Penerimaan pada Januari tercatat sebesar Rp 149,25 triliun (7,50 persen pagu), kemudian naik menjadi Rp 269,02 triliun pada Februari (13,53 persen pagu), Rp 393,91 triliun pada Maret (19,81 persen pagu), dan Rp 624,19 triliun pada April (31,38 persen pagu).
Menurut Menkeu, akselerasi penerimaan pajak pada April dipengaruhi oleh setoran Surat Pemberitahuan (SPT) Tahunan korporasi.
Secara rinci, penerimaan pajak melalui pajak penghasilan (PPh) non migas tercatat mencapai Rp377 triliun atau 35,45 persen dari target APBN.
“Ini masih cukup on track untuk kinerja empat bulan, tapi growth-nya negatif 5,43 persen,” ujar Sri Mulyani.
Terkontraksinya PPh non migas dipengaruhi oleh melemahnya serapan PPh tahunan badan yang mencerminkan penurunan profitabilitas tahun 2023, sehingga kewajiban pajak mereka juga mengalami penurunan. Hal ini terutama terjadi pada perusahaan-perusahaan di sektor komoditas, termasuk pertambangan.
Kemudian, pajak pertambahan nilai (PPN) dan pajak penjualan barang mewah (PPnBM) tercatat Rp218,5 triliun atau 26,93 persen dari pagu.

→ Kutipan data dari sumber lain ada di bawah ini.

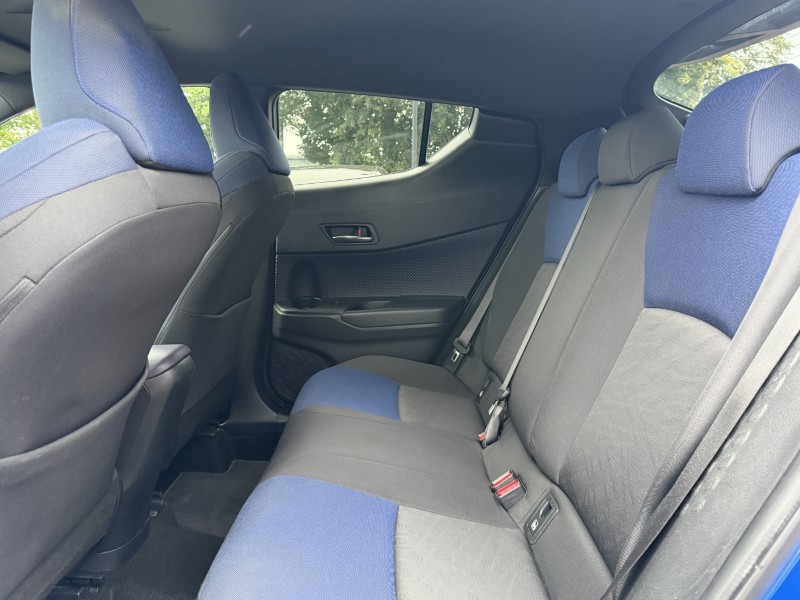 2017 (17) TOYOTA C-HR 1.2T Dynamic 5dr 5804208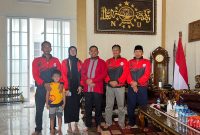 Bupati Sumenep, Achmad Fauzi, foto bersama dengan dua srikandi atlet voli putri Nabila Purwita dan Putri Agustin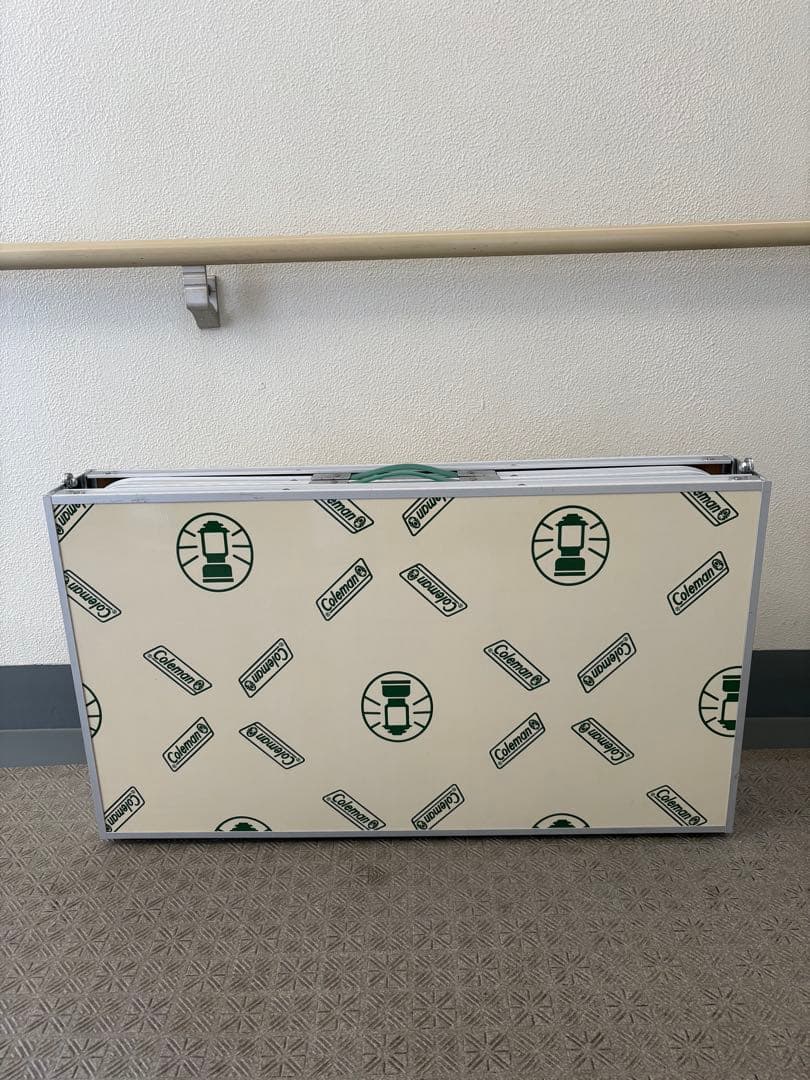 Colemanファミリー・グループ向け大型アウトドアテーブル四折テーブル 8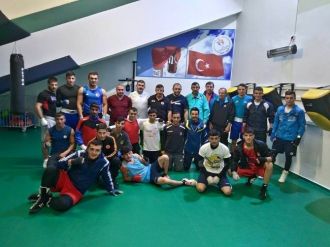 Taşkesenligil’den Boks Severlere Davet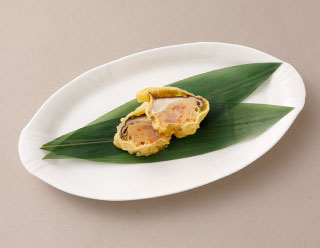 大分県産塩で味わう、大分産肉厚ステーキ椎茸と海老ムースのベニエ(フレンチ風天ぷら)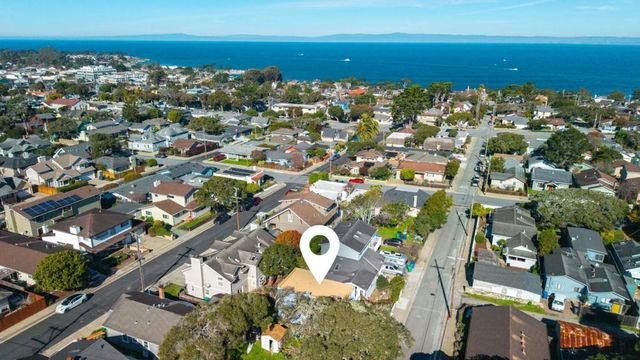 514 6th Street, Pacific Grove, CA 93950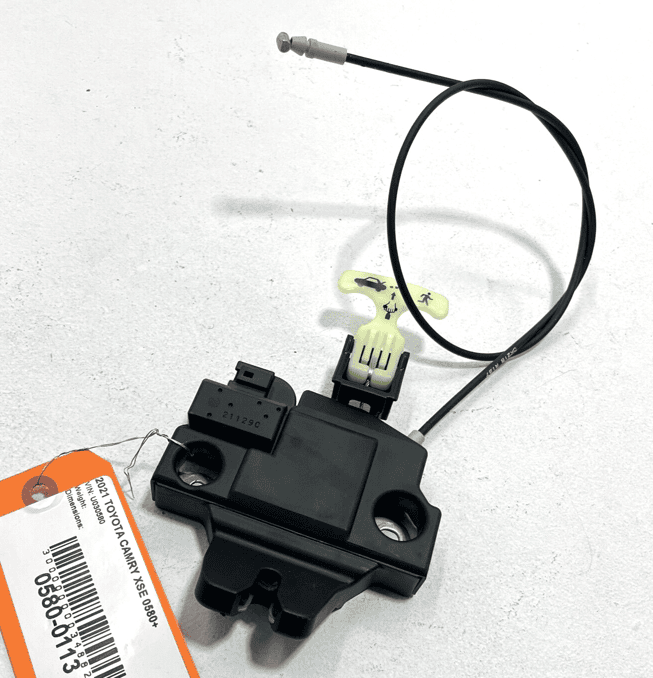 2018-19-20-2023 TOYOTA CAMRY REAR TRUNK DECK LID LATCH LOCK ACTUATOR MOTOR OEM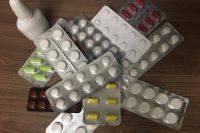 О лекарствах от COVID-19 в аптеках Новосибирска можно узнать по телефону.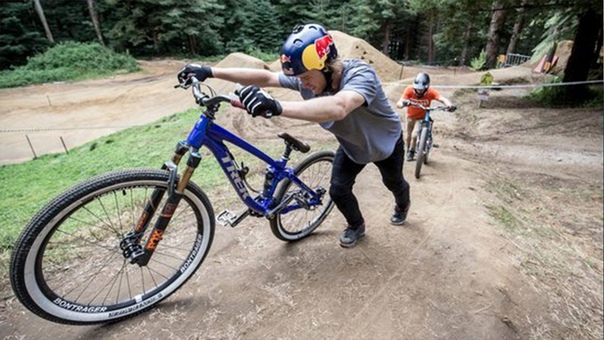 Drew Bezanson Test Rides The Crankworx Rotorua Course, The Learning Curve Ep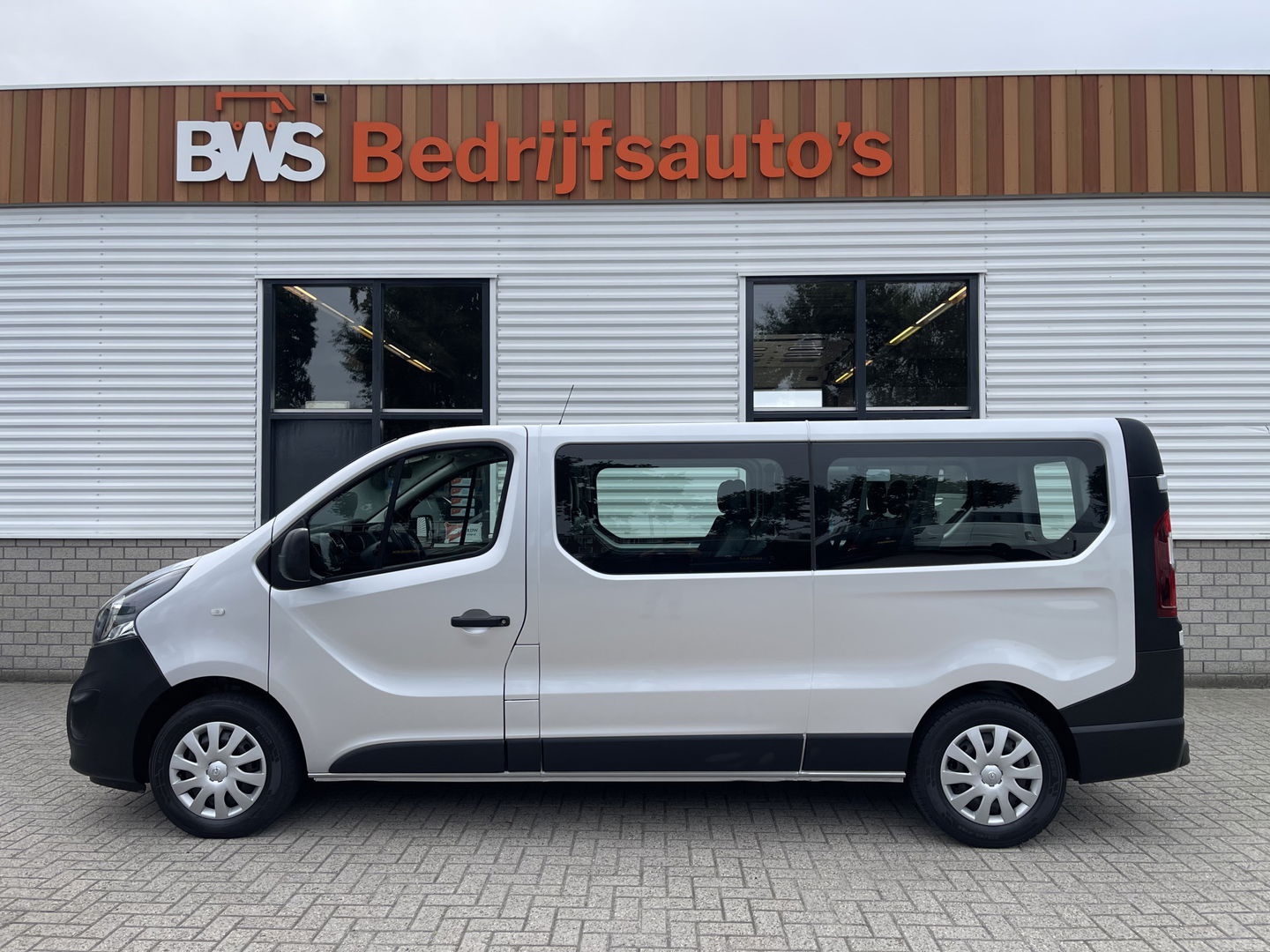 Opel Vivaro Combi 1.6 CDTI 125pk L2H1 BiTurbo ecoFLEX / 9 persoons / vaste prijs rijklaar € 21.950 incl btw bpm / euro 6 diesel / isofix / airco / cruise / navigatie / zilver metallic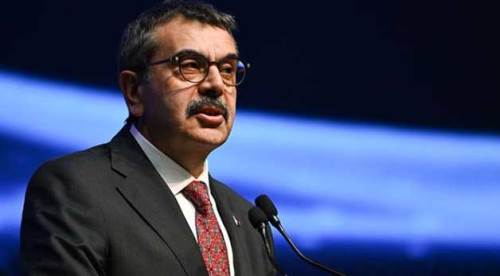 Bakan Tekin'den önemli açıklamalar: Ara tatiller masada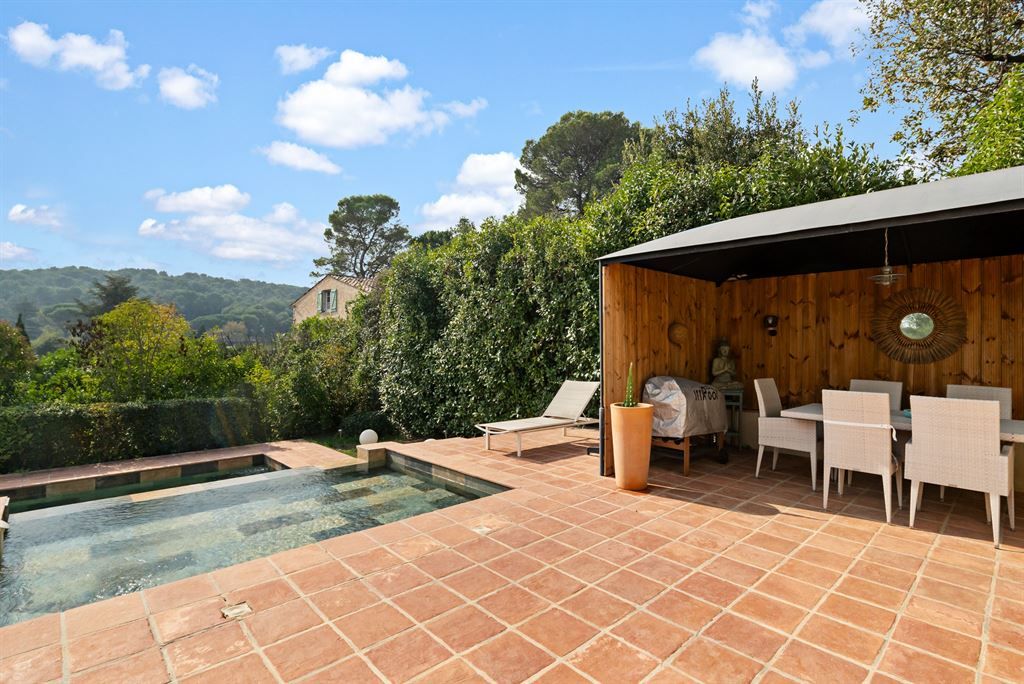 luxury villa 5 Rooms for sale on MOUGINS (06250)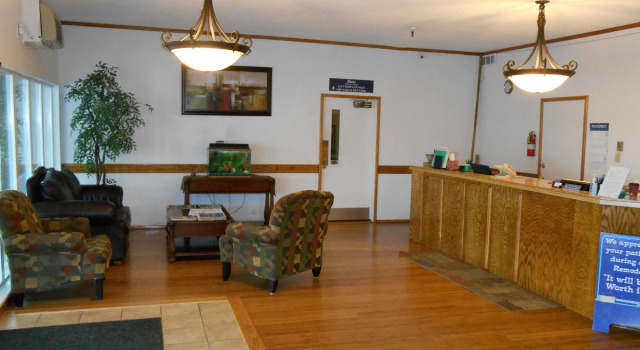 GuestHouse Inn & Suites Eugene / Springfield, Забронировать Отель Юджин Willamette Valley, рядом с Riverbend Hospital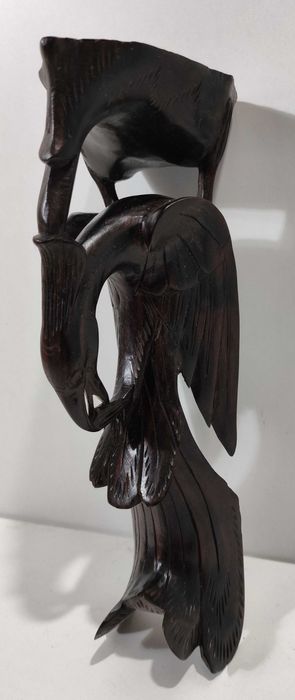 Ave em madeira entalhada (mísula?) (fénix?)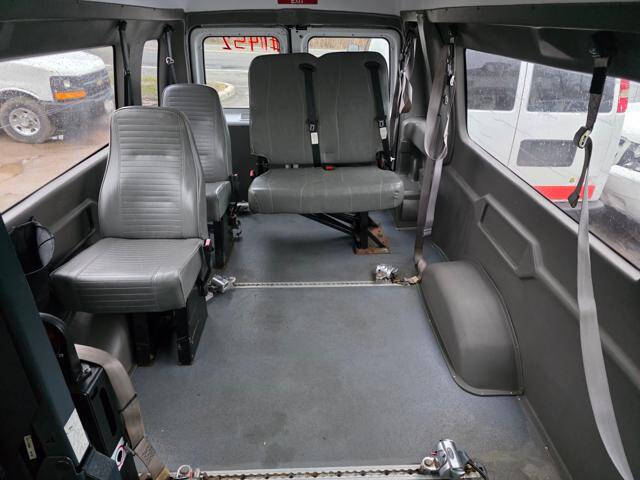 2012 Ford E-Series E-350 SD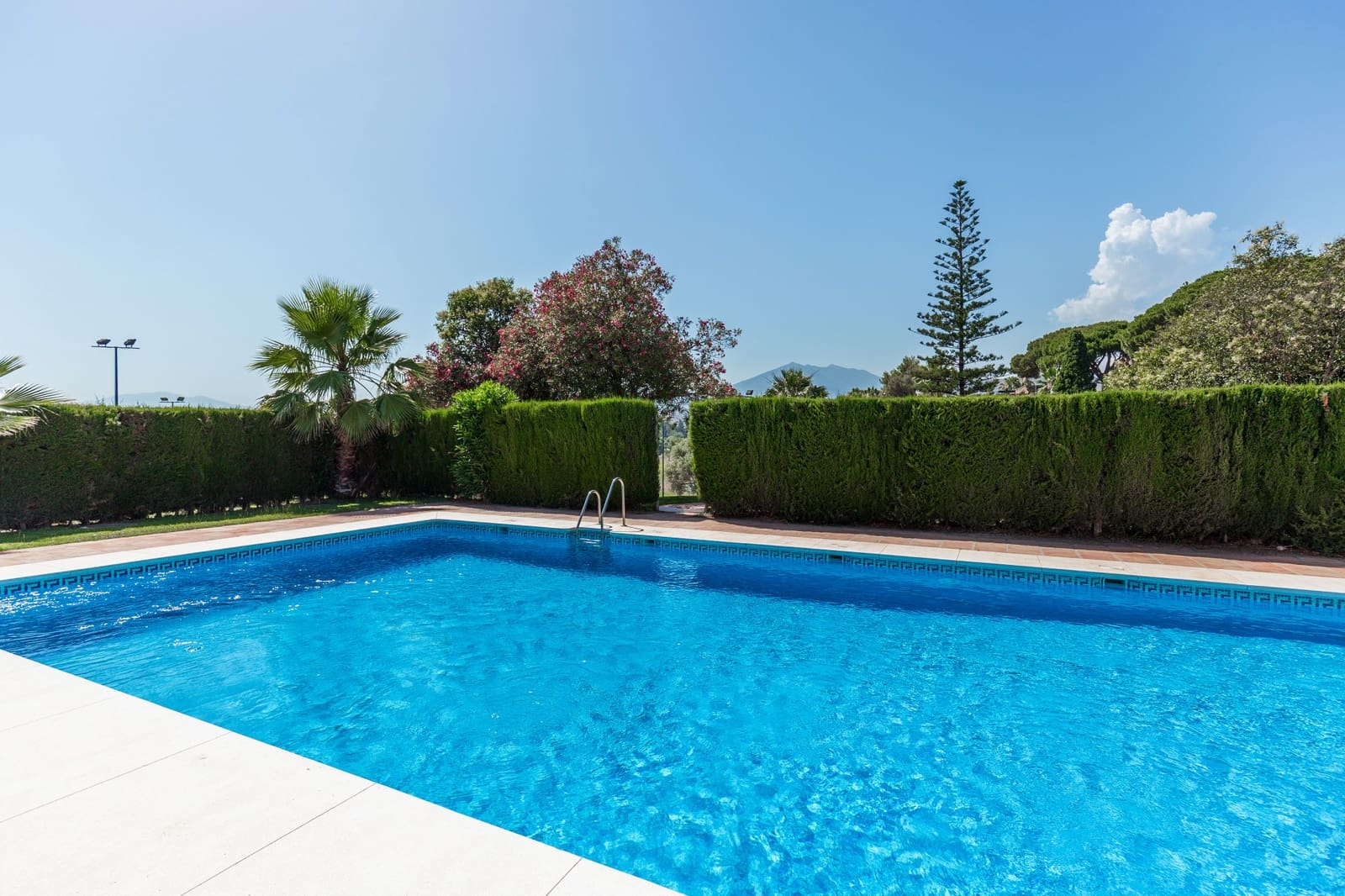 2 soveværelse Byhus til salg i Marbella med swimmingpool garage - € 695.000 (Ref: 9494768)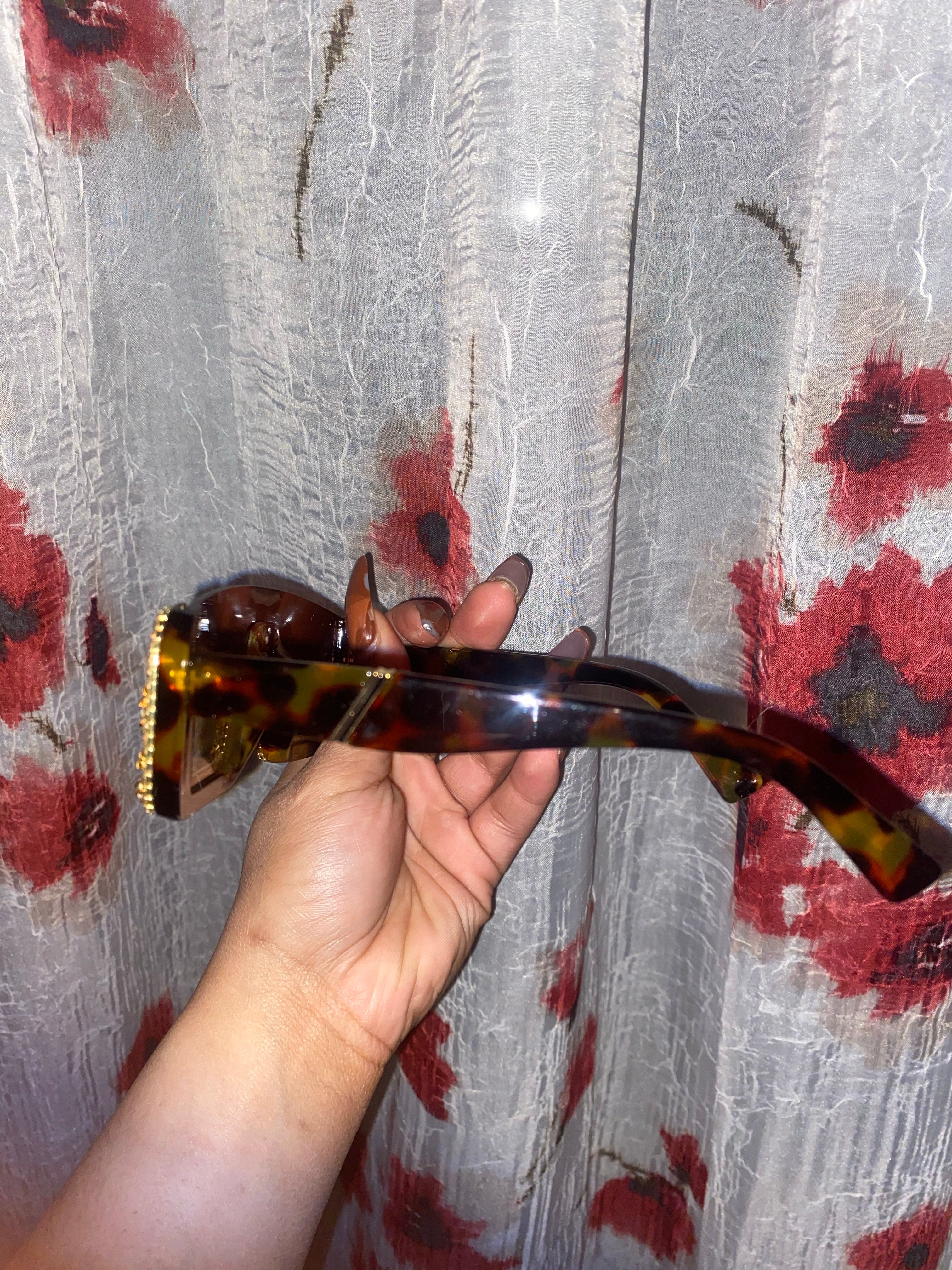 Bougie B shades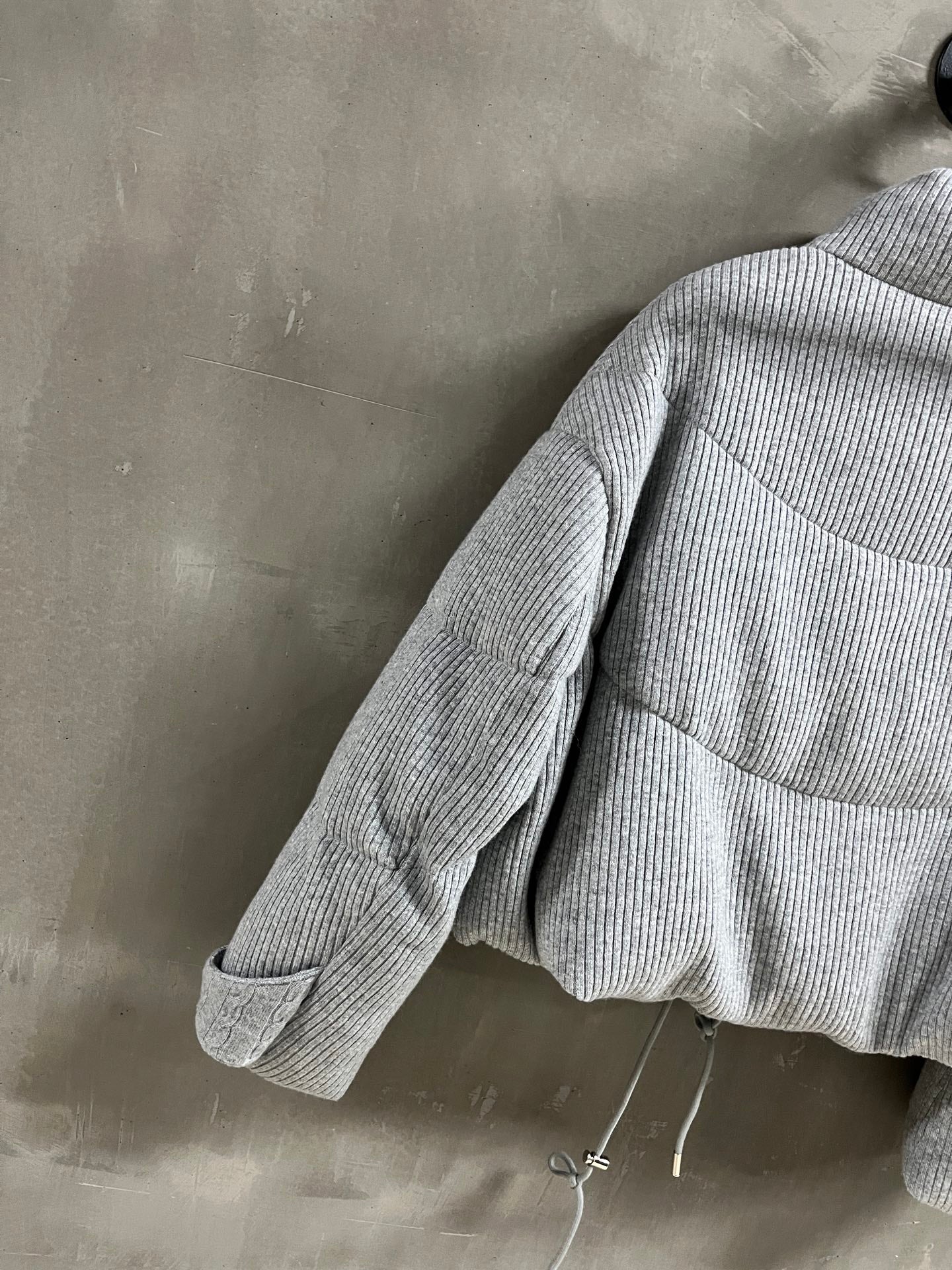 MIUMIU DOWN JACKET STYLE 692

Secara progres, kinerja PPN dan PPnBM lebih lambat dari yang seharusnya berada di kisaran 33 persen. Namun, penerimaan pajak ini mengalami pertumbuhan sebesar 5,93 persen.
Pajak bumi dan bangunan (PBB) dan pajak lainnya tercatat sebesar Rp3,87 persen atau 10,27 persen dari pagu. Penerimaan PBB dan pajak lainnya terkontraksi 22,59 persen akibat tidak terulangnya tagihan pajak pada tahun 2023.
Sementara PPh migas tercatat Rp24,81 triliun atau 32,49 persen dari pagu, terkontraksi 23,24 persen akibat penurunan lifting minyak dan gas dari tahun ke tahun.